As part of the wireless site survey, the effective range boundary is set, which defines the area over which signal levels needed support the intended application. This involves determining the minimum signal-to-noise ratio (SNR) needed to support performance requirements.

Wireless site survey can also mean the walk-testing, auditing, analysis or diagnosis of an existing wireless network, particularly one which is not providing the level of service required. [1]

Wireless site survey process

Wireless site surveys are typically conducted using computer software that collects and analyses WLAN metrics and/or RF spectrum characteristics. Before a survey, a floor plan or site map is imported into a site survey application and calibrated to set scale. During a survey, a surveyor walks the facility with a portable computer that continuously records the data. The surveyor either marks the current position on the floor plan manually, by clicking on the floor plan, or uses a GPS receiver that automatically marks the current position if the survey is conducted outdoors. After a survey, data analysis is performed and survey results are documented in site survey reports generated by the application.

All these data collection, analysis, and visualization tasks are highly automated in modern software. In the past, however, these tasks required manual data recording and processing. [2] [3]

Types of wireless site surveys

There are three main types of wireless site surveys: passive, active, and predictive. [4]
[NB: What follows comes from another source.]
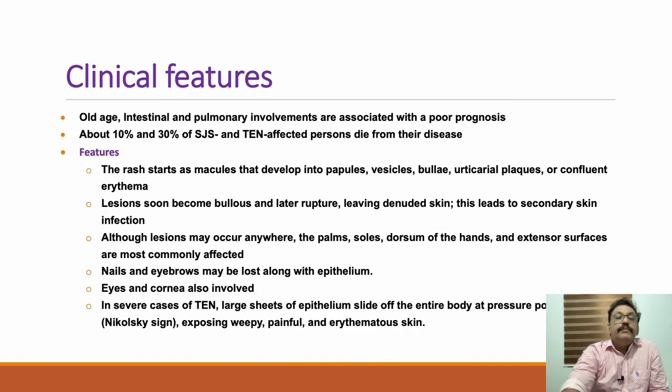Many patients can have extensive skin rashes in Stevens-Johnson syndrome or TEN. Prognosis is poor in old age patients and those with lung or other organ involvement. The rash starts as macules that develop into papules, vesicles, bullae, urticarial plaques, and confluent erythema. Lesions soon become bullae and later rupture, leaving denuded skin. This leads to secondary skin infection, which is very important.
During a passive survey, a site survey application passively listens to WLAN traffic to detect active access points, measure signal strength and noise level. However, the wireless adapter being used for a survey is not associated to any WLANs. For system design purposes, one or more temporary access points are deployed to identify and qualify access point locations. This used to be the most common method of pre-deployment Wi-Fi survey.

During an active survey, the wireless adapter is associated with one or several access points to measure round-trip time, throughput rates, packet loss, and retransmissions. Active surveys are used to troubleshoot Wi-Fi networks or to verify performance post-deployment.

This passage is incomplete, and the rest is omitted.